Mounk: democrazia eterno esperimento
venerdì 22 luglio 2022
Una poco fortunata rivista nata in ambiente Einaudi all'inizio degli anni 80, “Laboratorio politico”, immaginava l'Italia come un Paese d'avanguardia, luogo privilegiato di esperimenti esemplari per tutta l'Europa, se non per l'intero mondo. Si trattava di un gruppo di intellettuali vicini o interni al Partito comunista di Enrico Berlinguer, che aveva inventato una formula divenuta famosa, da molti ancora rimpianta, ma che in epoca di Guerra Fredda era evidentemente impraticabile: un “compromesso storico” con i comunisti al governo insieme alla Democrazia cristiana. Come se definirsi ancora comunisti in presenza di un confronto nucleare nel cuore dell'Europa fra Stati Uniti e Unione Sovietica non implicasse anche un'accettazione benché parziale del comunismo russo. Anche una cosa come un “laboratorio politico” era una fantasia di intellettuali politicizzati e aspiranti consiglieri dei politici, non molto attenti però a quanto stava avvenendo nella società italiana con l'emergere di una nuova, più moderna, classe media universale alla quale, senza saperlo, appartenevano anche loro. Mai farsi ipnotizzare dalla scena politica e dal suo teatro trascurando la società, che viene sempre prima e dopo. Sulla società richiama l'attenzione Yascha Mounk nel suo libro Il grande esperimento. Etnie e religioni minacciano la democrazia? (Feltrinelli). Finalmente qualcuno che non ripete che oggi la democrazia è in crisi, come se ieri tutto andasse democraticamente per il meglio, fosse funzionale e soddisfacente.
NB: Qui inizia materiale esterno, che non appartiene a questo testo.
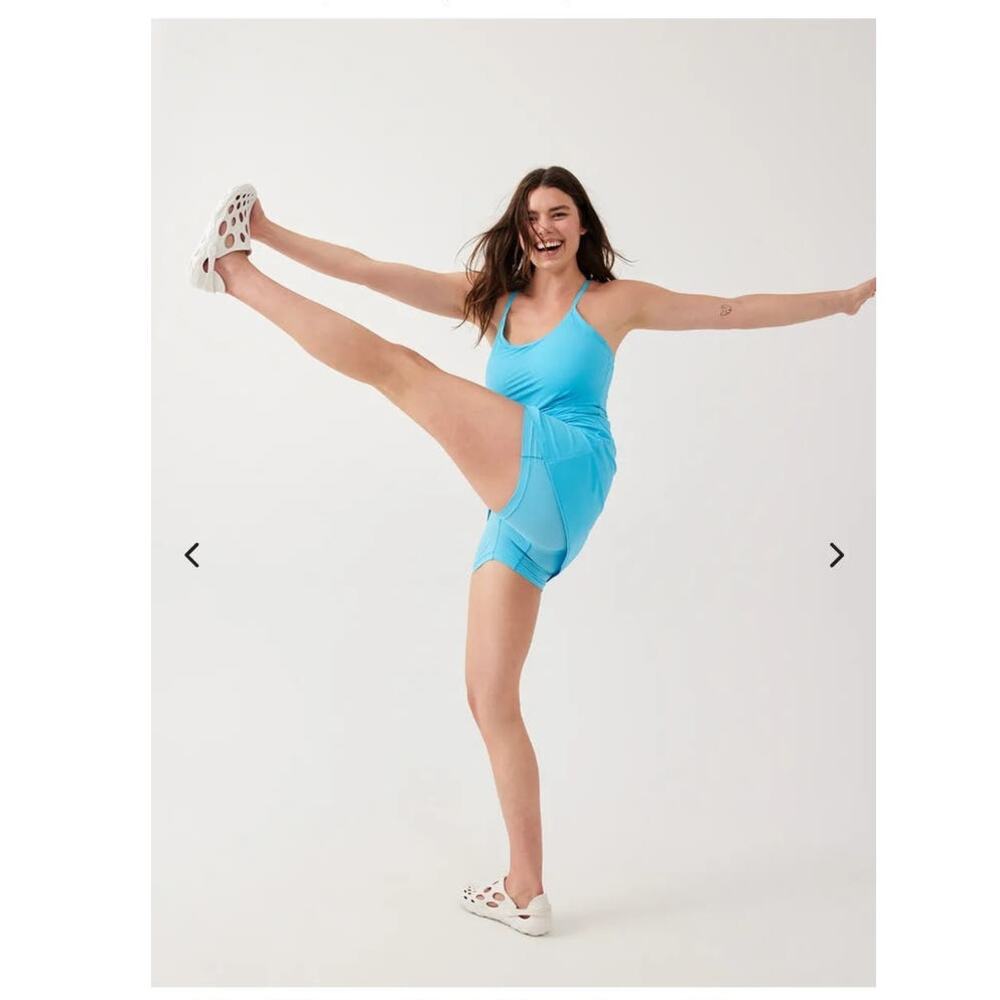 NWT OV Outdoor Voices Exercise Dress - XXL / 2XL - azure blue - XXL / 2XL - Picture 6 of 7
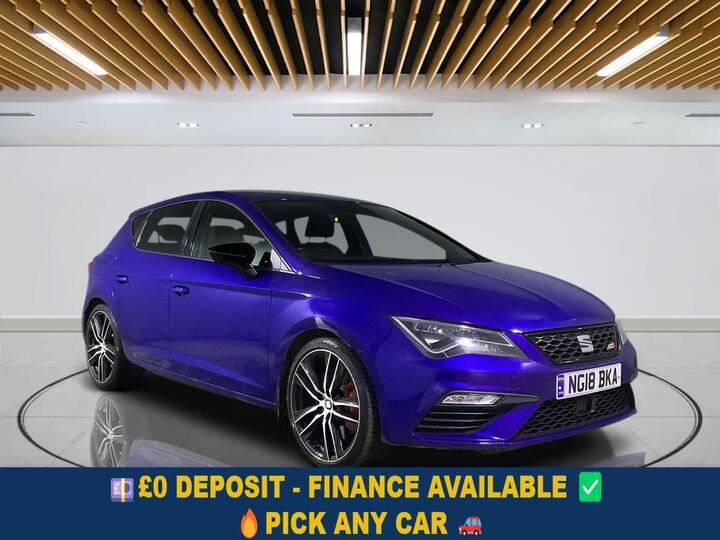 SEAT LEON 2.0 TSI Cupra 300 DSG Euro 6 (s/s) 5dr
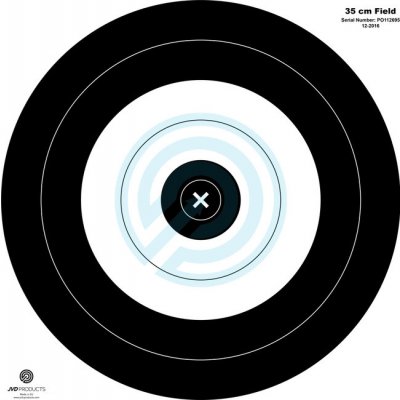 JVD Face IFAA Field 35 cm, 1 ks – Zboží Dáma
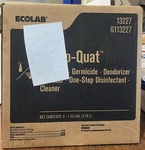Ecolab Mikro-quat 6113227 Floor Cleaner Citrus Scent Gallon Case Of 4. Fixed Price $89.99.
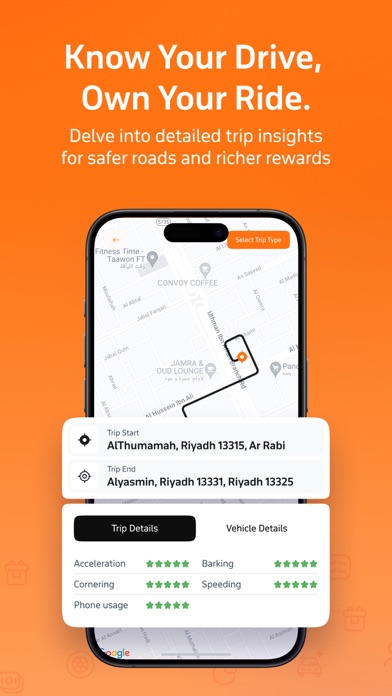 Tawuniya Drive screenshot 1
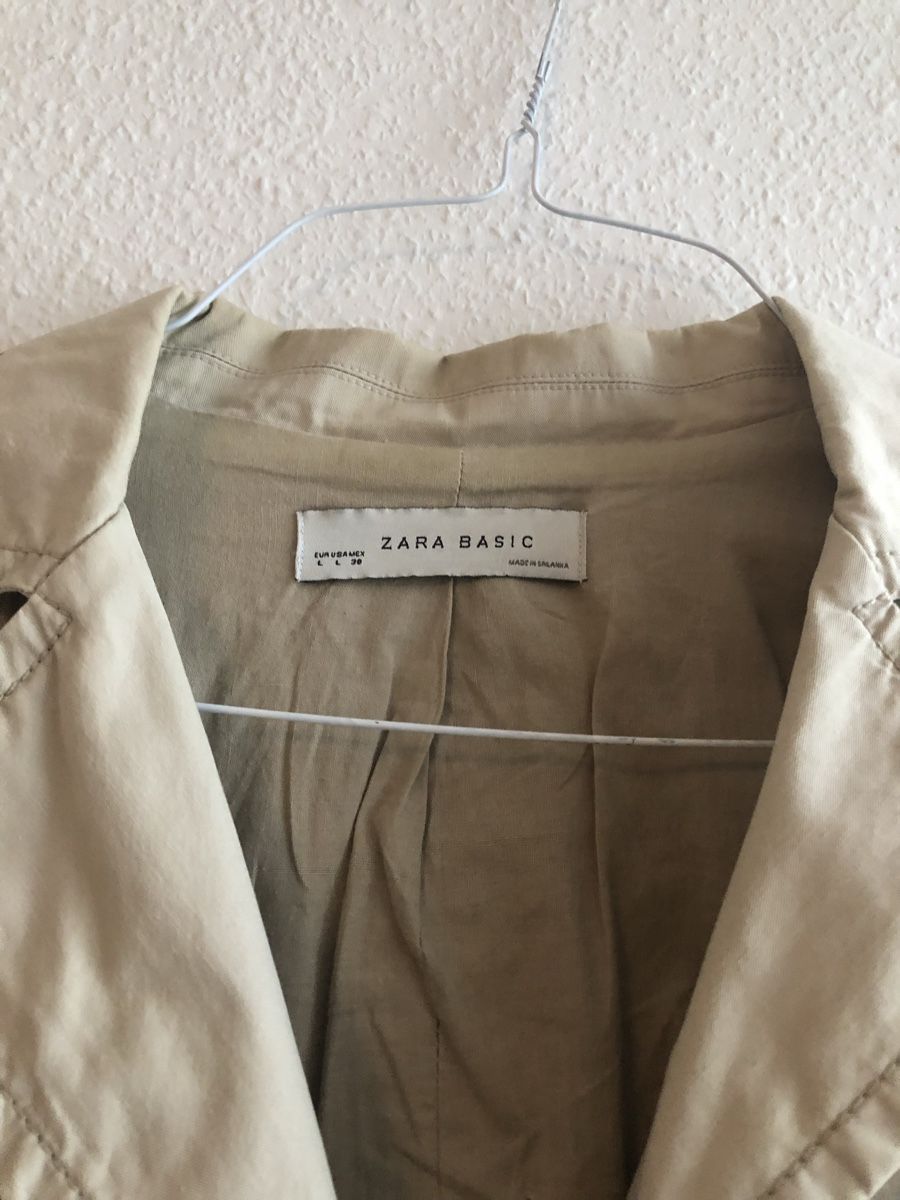 Zara Giacche: Zara Light Jacke, 100% Baumwolle, Gr M – Usato da Zürich venduto da vadimi 2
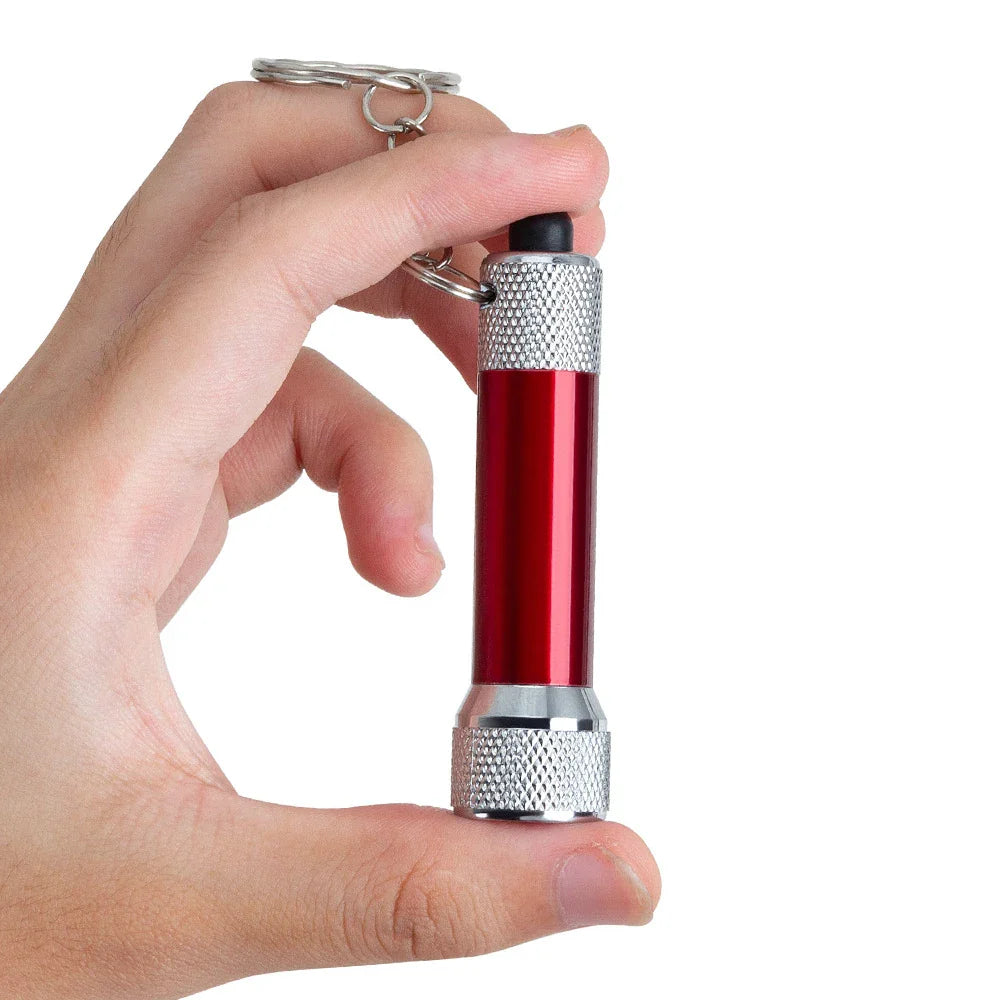 Mini Keychain LED Flashlight | Pocket Emergency Light with 1000 Lumens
Mounk insiste invece sul carattere sempre sperimentale della democrazia, in particolare oggi e nel futuro, nelle nostre società ormai multietniche e multiculturali: «Affinché le democrazie eterogenee possano prosperare, i cittadini devono condividere un'identità comune». Il che significa che si dovrà guardare sempre più con diffidenza sia al nazionalismo che al patriottismo etnico e religioso, a cui è successo ripetutamente di fomentare lo spirito di esclusione, contrapposizione e discriminazione. Ma all'interno di ogni Paese un diverso patriottismo dovrebbe creare un'identità collettiva che favorisca la solidarietà fra individui. È questo il decisivo esperimento che le società democratiche, per essere democratiche, dovranno affrontare nel prossimo futuro.